Edward Thomson Davis | |
Birth Date: | 1833 |
Birth Place: | Northwick, Worcestershire, England |
Death Place: | Rome |
Nationality: | British |
Occupation: | Painter |
Edward Thomson Davis (1833 – 12 June 1867) was a British genre painter, active in Worcester, England.
Davis was born at Northwick, near Worcester,[1] and studied at Birmingham School of Design[2] and then at Worcester School of Design, and worked collaboratively with his fellow student at the latter, Benjamin Williams Leader, on at least one painting, A View of Frog Lane (1854).[3]
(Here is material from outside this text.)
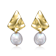 Freshwater Pearl Rippled Drop Earrings In 14K Gold Over Sterling Silver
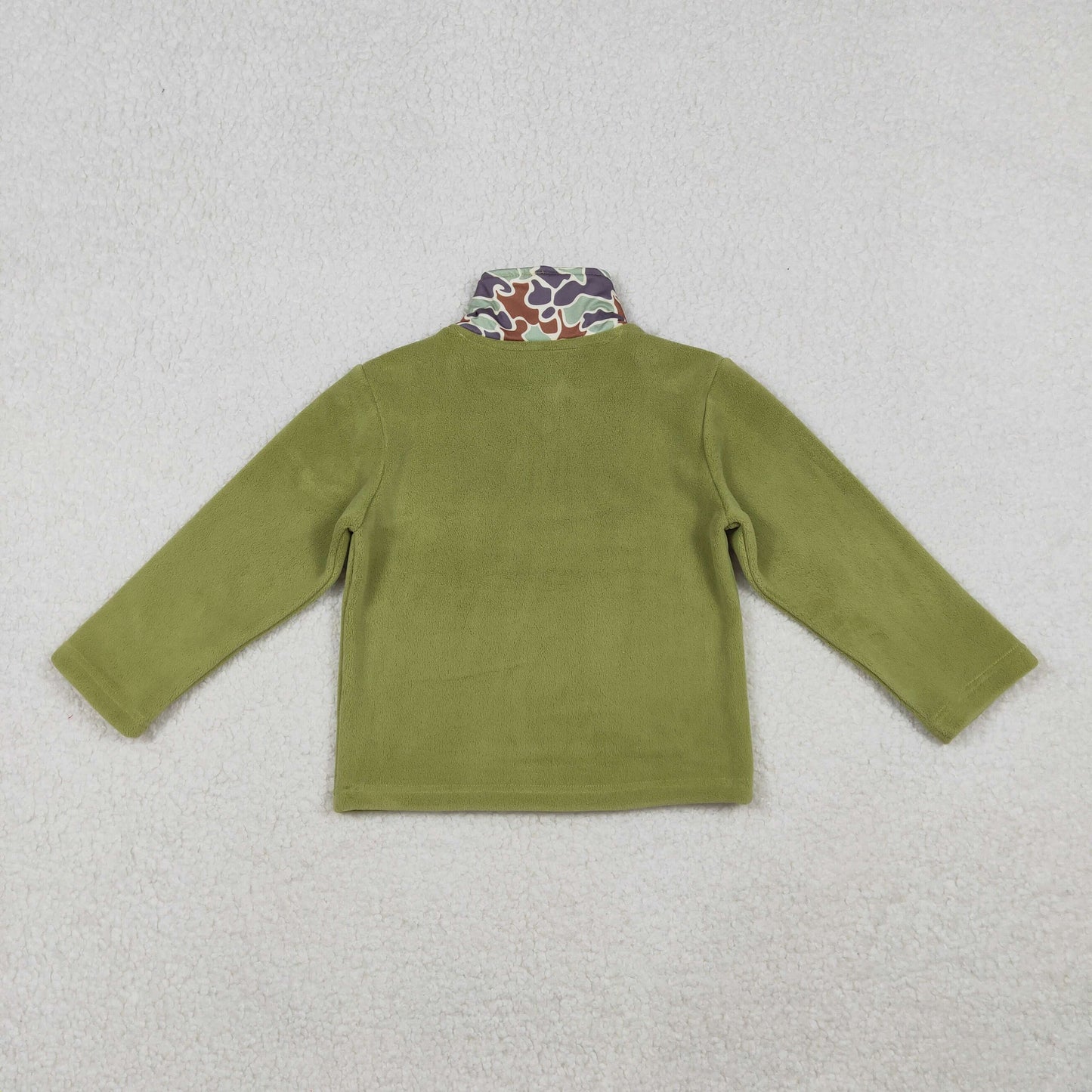 RTS NO MOQ(In Stock) fleece BT1308 Camo green plush zippered long-sleeved top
He exhibited twenty works at the Royal Academy, starting in 1854. His drawing, Studies of a Child and Two Women, is in the collection of The Tate Gallery.[4] Other works are in Wolverhampton Art Gallery, Shipley Art Gallery, Worcester City Museum and the Ashmolean Museum. In 1951 an album of his drawings was sold by Christie's.
In 1854, his address was 22 Foregate Street, Worcester; during a "short stay" in London in 1856 he gave his address as 16 Russell Place, Fitzroy Square. In or after 1859, he was again living in Northwick.
Davis visited the Netherlands, and travelled to Rome in 1866. He died there on 12 June 1867, during a cholera outbreak, at the age of just 34.